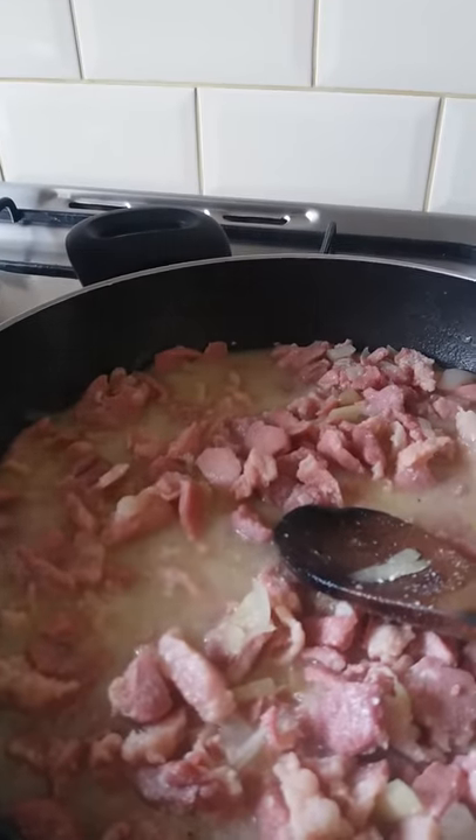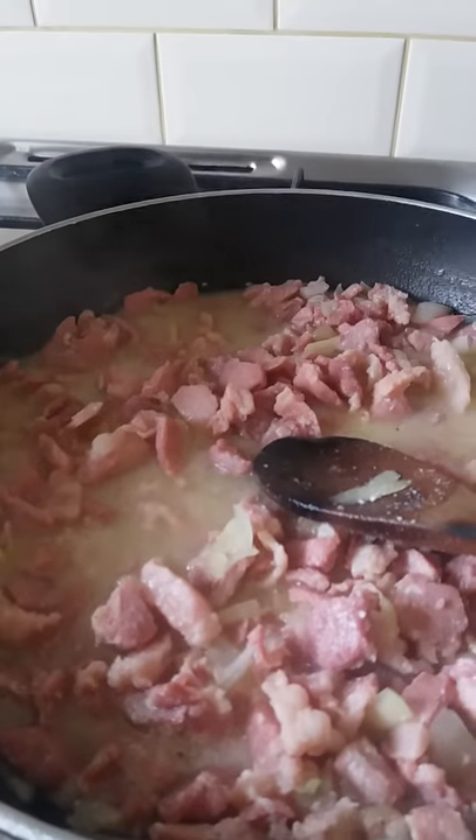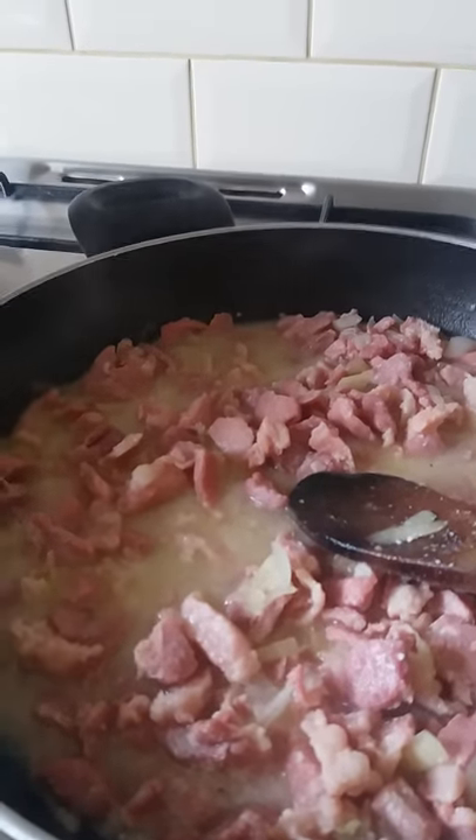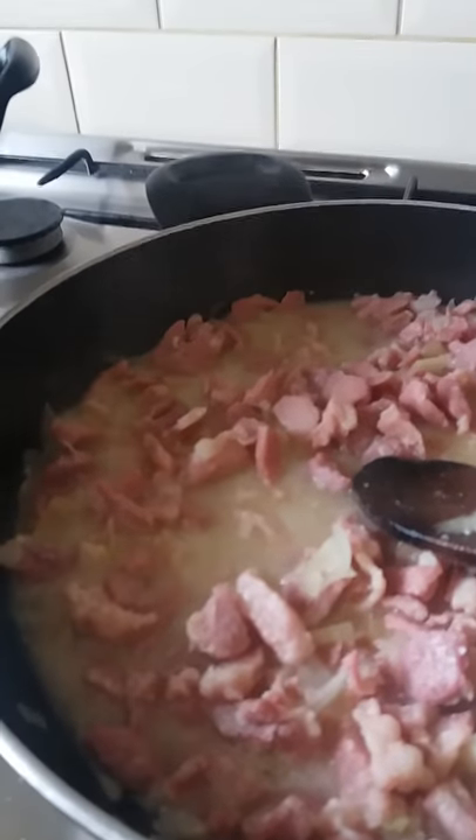We're going to tip the bacon now into the peas. I've just tried the bacon and it's a little bit chewy, so it might need longer than the hour. I'm just going to put it in now and boil it with the peas.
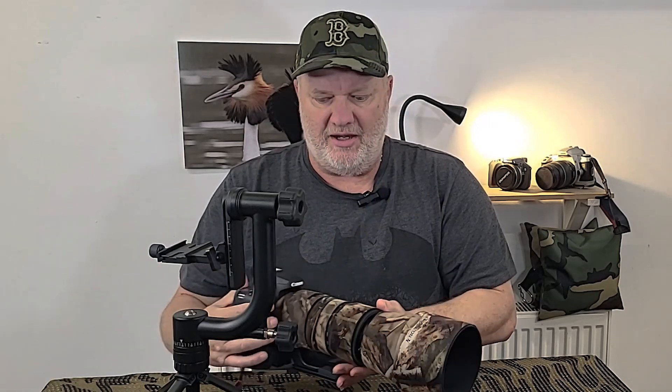Build quality is really good — absolutely superb. It is the Contemporary version so it is plastic construction. The Sport version, which is a couple hundred quid more, is metal construction and slightly heavier. The weight of this one is just under two kilograms — that's a fair bit of weight. But for me, having something heavy means it's not wafting about. You position it, lock in, and that's what I like about it.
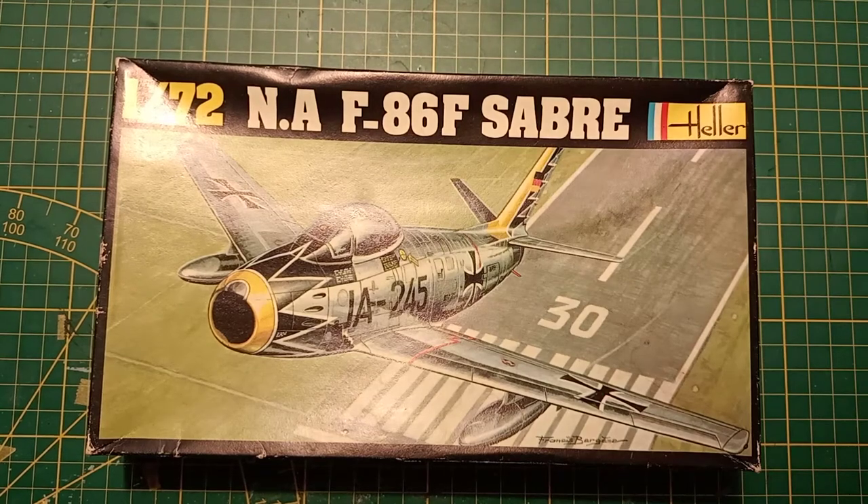Hello everyone and welcome back on my YouTube channel for a new vintage model kit box review. Today I'm going to show you a North American F-86 F-7 from LR, built in 1979, in 1/72 scale.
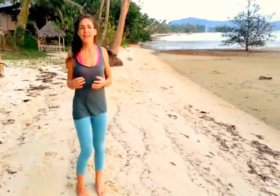Hi, this is Dan with another mini movement message right from the beach of Thailand. As in Europe we're opening up to spring and sunshine, maybe you also feel that the shoulder girdle could use some width or some opening.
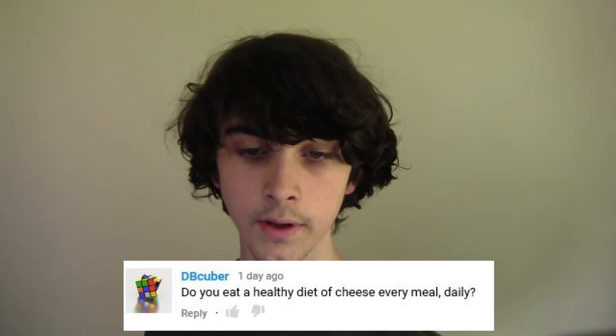Do you eat a healthy diet of cheese every meal daily? Well, I eat cheese every day. I don't usually have it with breakfast, but lunch and dinner usually have cheese in some form. There will actually be videos in between the new question and answer videos this week, so gonna do that obviously.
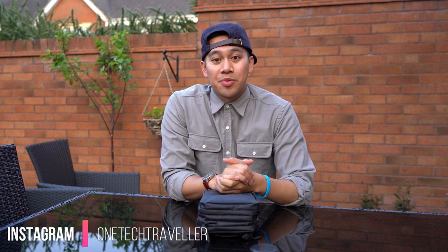What's up world, OneTechTraveler here. The weather is really nice these past few days and we're officially hitting the spring weather and going into the summer. I can't wait.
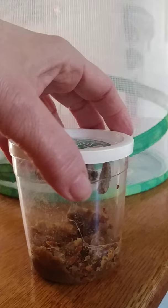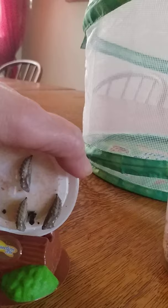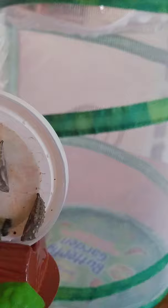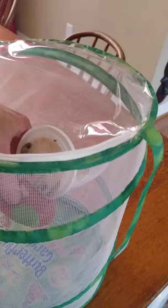I'm going to carefully remove the lid and place it in this stand, and I'm going to carefully put it inside the butterfly net. Just stick it in there. Bring my hand back out, and there we have it.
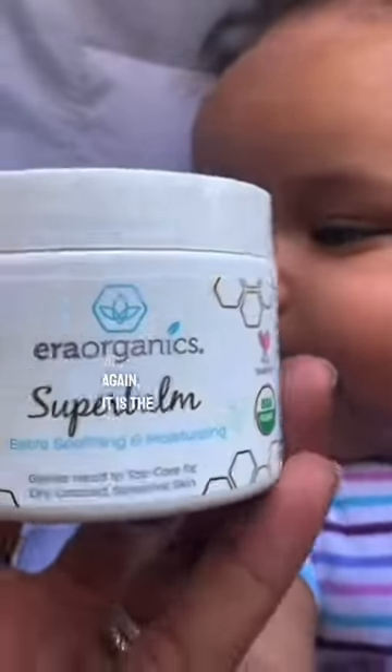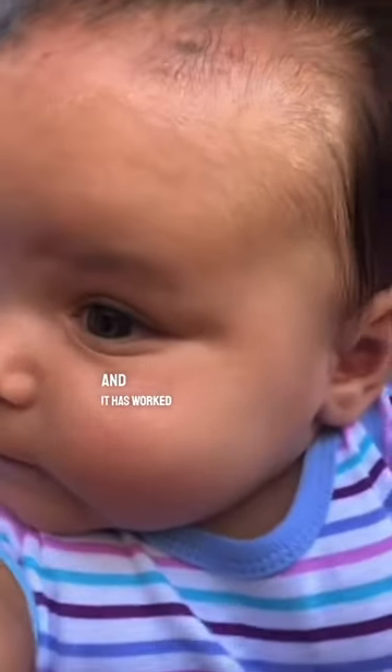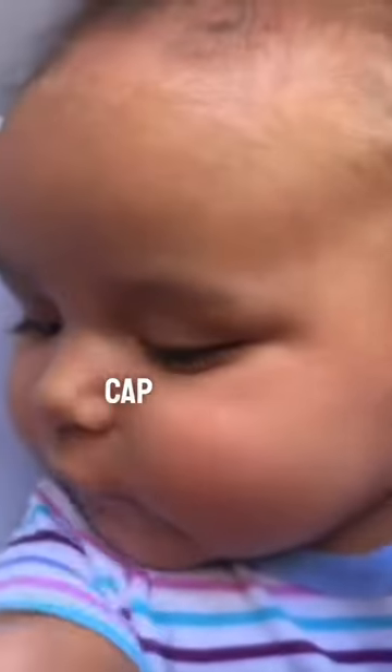It came out to like right here before. It is the Era Organic Super Balm and it has worked great for Leggy's cradle cap so far.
========
■ WHAT IS NEEDED ■
In your copy, please omit the pictures and print every line of the records exactly.

■ SOLUTION FOR THIS TASK ■
We're going to tip the bacon now into the peas. I've just tried the bacon and it's a little bit chewy, so it might need longer than the hour. I'm just going to put it in now and boil it with the peas.
Build quality is really good — absolutely superb. It is the Contemporary version so it is plastic construction. The Sport version, which is a couple hundred quid more, is metal construction and slightly heavier. The weight of this one is just under two kilograms — that's a fair bit of weight. But for me, having something heavy means it's not wafting about. You position it, lock in, and that's what I like about it.
Hello everyone and welcome back on my YouTube channel for a new vintage model kit box review. Today I'm going to show you a North American F-86 F-7 from LR, built in 1979, in 1/72 scale.
Hi, this is Dan with another mini movement message right from the beach of Thailand. As in Europe we're opening up to spring and sunshine, maybe you also feel that the shoulder girdle could use some width or some opening.
Do you eat a healthy diet of cheese every meal daily? Well, I eat cheese every day. I don't usually have it with breakfast, but lunch and dinner usually have cheese in some form. There will actually be videos in between the new question and answer videos this week, so gonna do that obviously.
What's up world, OneTechTraveler here. The weather is really nice these past few days and we're officially hitting the spring weather and going into the summer. I can't wait.
I'm going to carefully remove the lid and place it in this stand, and I'm going to carefully put it inside the butterfly net. Just stick it in there. Bring my hand back out, and there we have it.
It came out to like right here before. It is the Era Organic Super Balm and it has worked great for Leggy's cradle cap so far.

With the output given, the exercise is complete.